IMPRESIONES Y PLANOS: LA CIUDAD DE LAS MOTOS
Si fuera una escena de una película habría que comenzar así: en el cuadro se puede apreciar cómo cuatro estadounidenses hablan a los gritos y el dueño del pequeño café trata de explicarles que no tiene nada para ofrecerles en el almuerzo. Los estadounidenses no solo se reconocen por sus atuendos, movimientos corporales y el acento del inglés. Hablan siempre a los gritos, como si la voz fuera un instrumento para expandir el espacio sonoro común. Gesticulan y gritan de un lado, escucha en serenidad del otro. De la nada, se introduce en el cuadro una mujer subida a su motocicleta con una bandeja en la que lleva regalos empaquetados. Pasa por el medio de los estadounidenses y el vietnamita como si fuera solamente una sombra. El acero y el caucho del vehículo, y la carne y los huesos de la conductora son puro revestimiento que luce inmaterial. En cualquier ciudad de Occidente la acción sería percibida como un escándalo. No en Hanói. La circulación de motos, bicicletas, autos y transeúntes constituye una gran coreografía que no tiene ningún autor por detrás. La palabra azar es suficiente para indicar que el acaso es lo único que puede decirse como guía en la interpretación. El orden que existe y es pura inmanencia de esa cotidianidad es inaprehensible para los estudiosos del urbanismo y otros saberes asociados al diseño racional de la vida pública. Después de unos días, los forasteros aprenden a dejarse llevar por la corriente. Pierden el miedo, cruzan la calle sin más y se vuelven una pieza en relación con otras en un movimiento incesante que solo se detiene después de la medianoche y por unas horas. La obsecuencia europea respecto de las señales de tránsito se termina en menos de 48 horas.

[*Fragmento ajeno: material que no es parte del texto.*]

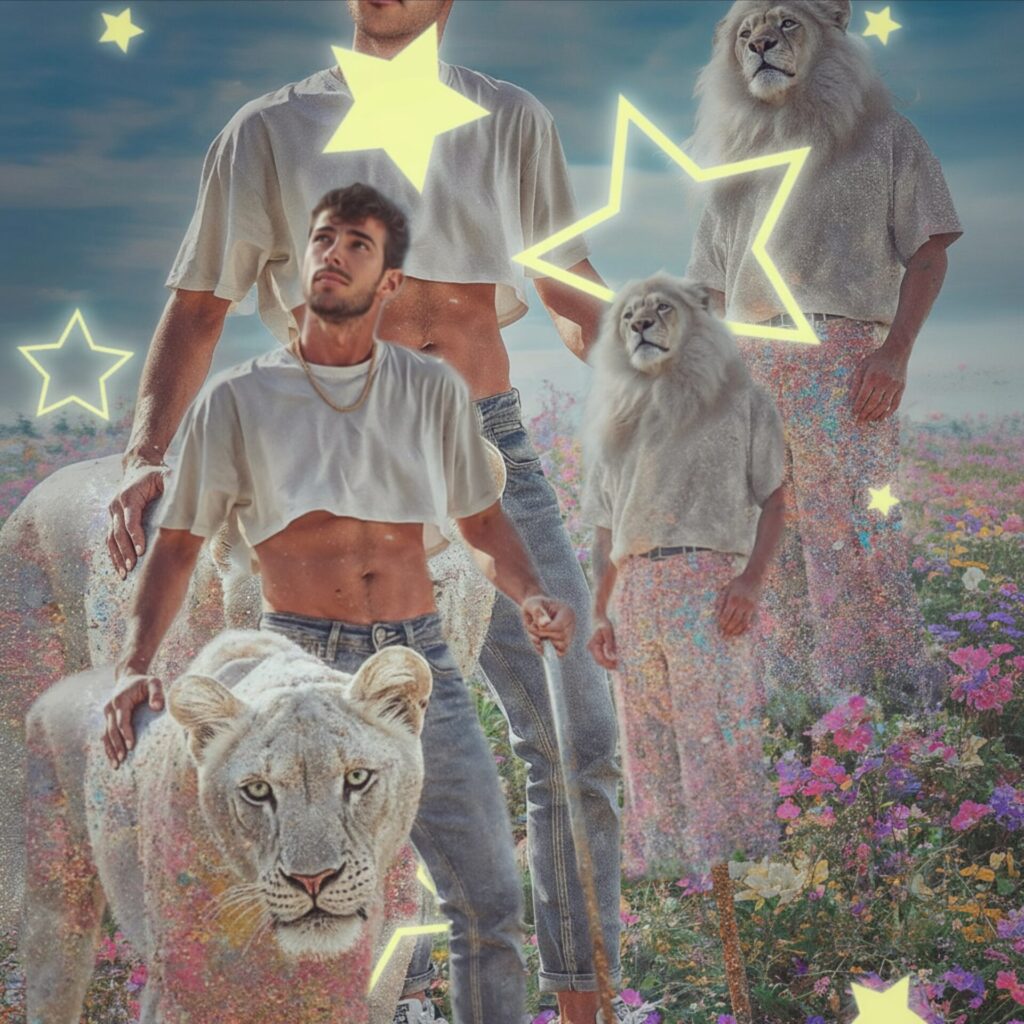 The New Citizen Kane PSYCH101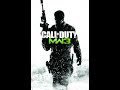 طريقة تحميل لعبة Call of Duty Modern Warfare 3 برابط مباشر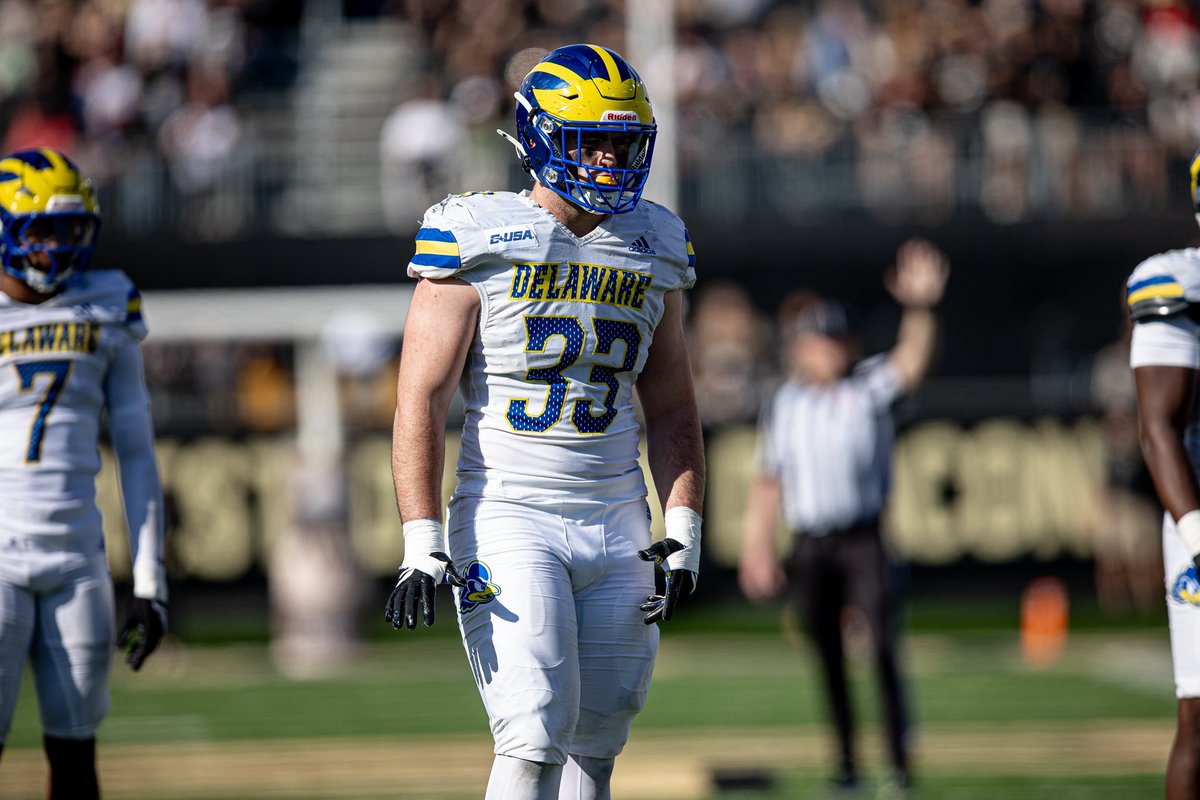 Timothy (Trace) Scott III tweet media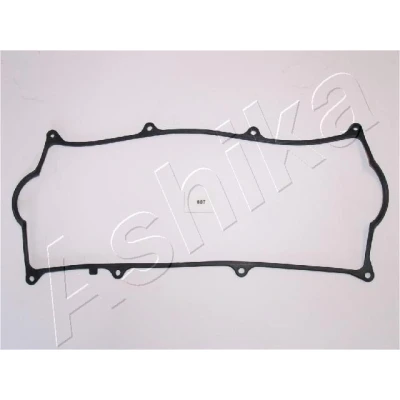 Imagem de ASHIKA 47 06 607 Junta de Tapa Valvulas DAIHATSU: Terios I, Feroza Hard Top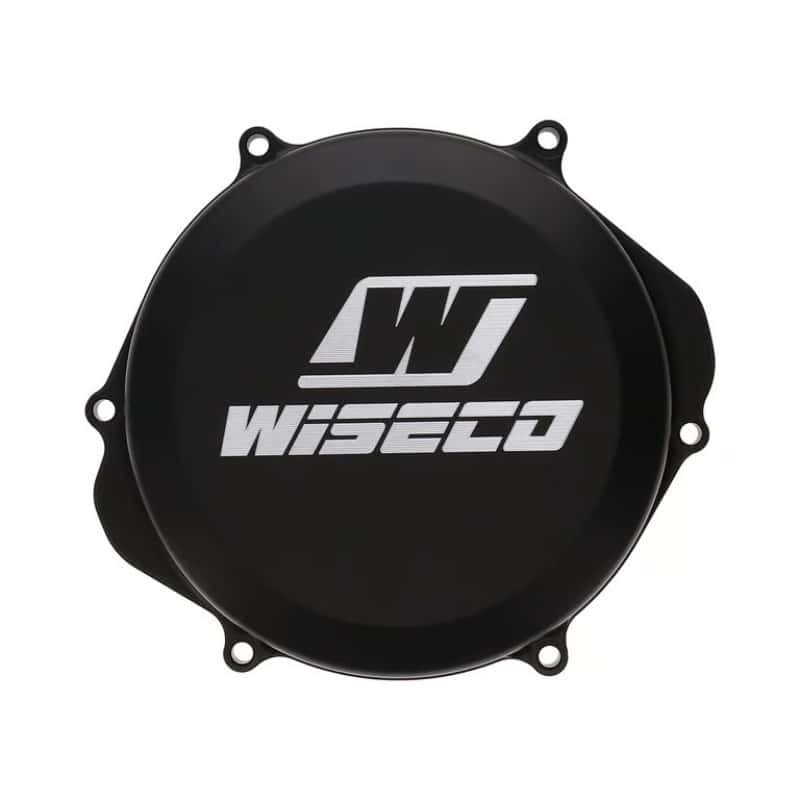 Wiseco — Wiseco 02-06 Honda CR250R Clutch Cover
Clutch Cover - view 7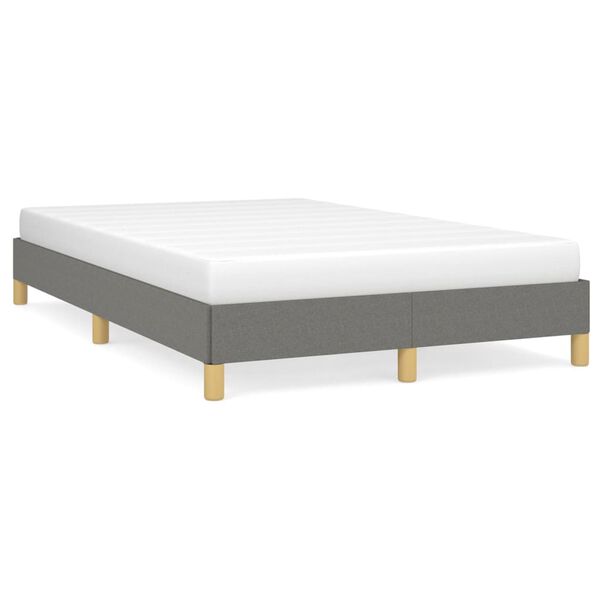 Viser produktbillede 1 af 10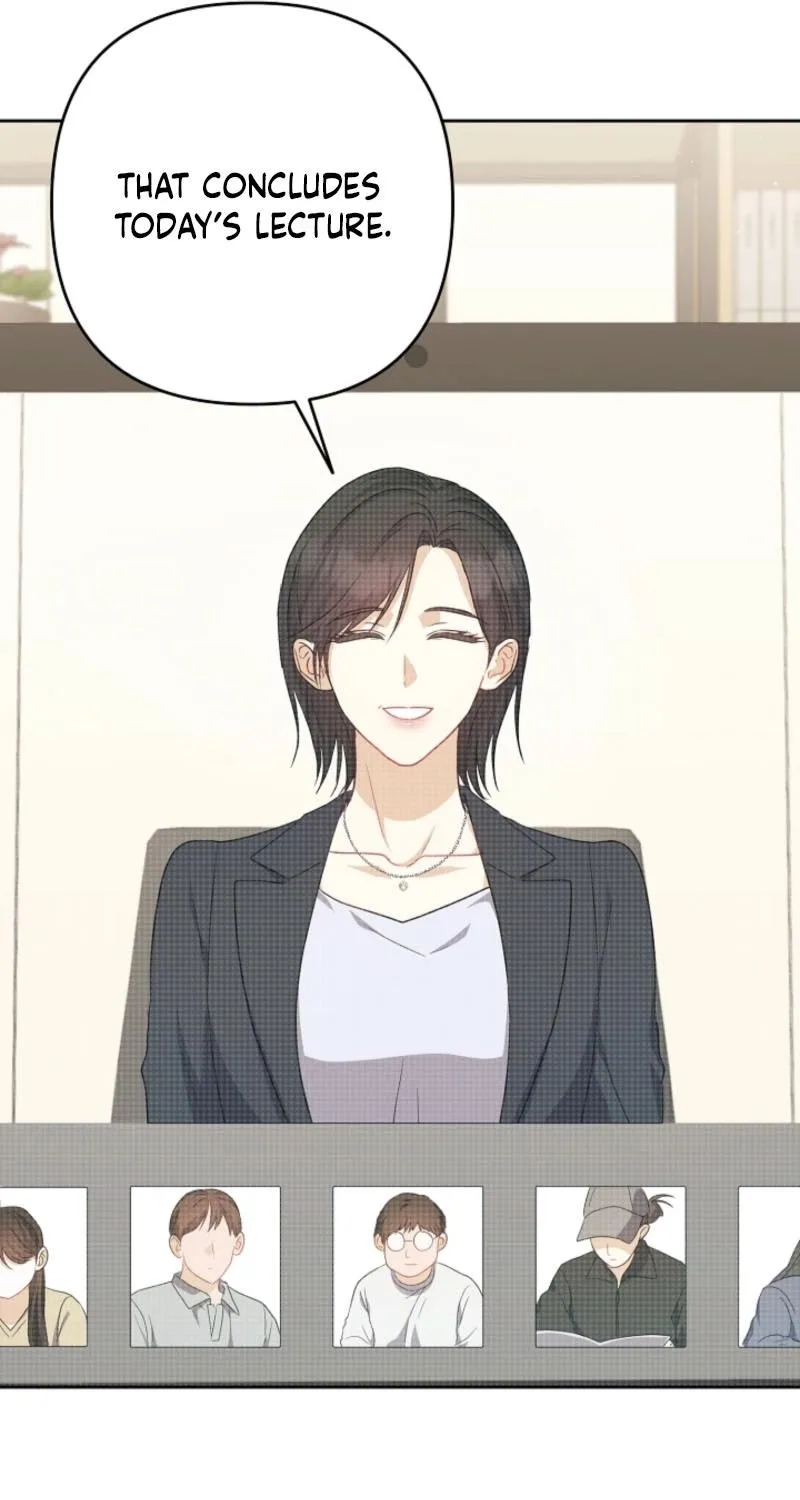 See You at the Pepper Field! Chapter 29 page 12 -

La danza caótica de las motocicletas no es una especialidad vietnamita. En las calles de Taipéi y Manila pasa lo mismo. Recientemente, Miguel Gomes se limitó a registrar ese magnífico evento mecánico y orgánico, que decidió musicalizar con Johann Strauss mientras que recurrió a las sobreimpresiones del cine silente elevando la coreografía del azar a un nuevo conjunto que da como resultado momentos de cine total. Grand Tour (2024) es prodigiosa. En el pasado hubiera filmado solo bicicletas. Hoy fueron sustituidas por motocicletas.
Que muchos pueblos asiáticos se destaquen en este baile sobre el asfalto no significa que todos los países de la región o de todo el continente sean iguales. La riqueza de Yakarta, la desigualdad en Rangún, los contrastes de cualquier destino turístico de Filipinas requieren revisar la historia de cada país. Son tan disímiles los pueblos de Asia, incluso los que están en ocasiones congregados en una misma nación. Pero entre todas esas naciones populosas, Vietnam no es una más entre otras. Vietnam tiene una historia singular y admirable. Es fácil adivinar las razones. Los vietnamitas vencieron a los mongoles, a los chinos, a los franceses y a los estadounidenses. Un amigo que lleva 10 inviernos consecutivos visitando Vietnam esboza una teoría asequible sobre la amabilidad de los locales ante los extranjeros. Bob se refiere a «la sonrisa del triunfo». Los vietnamitas pudieron contra el país más poderoso del siglo pasado.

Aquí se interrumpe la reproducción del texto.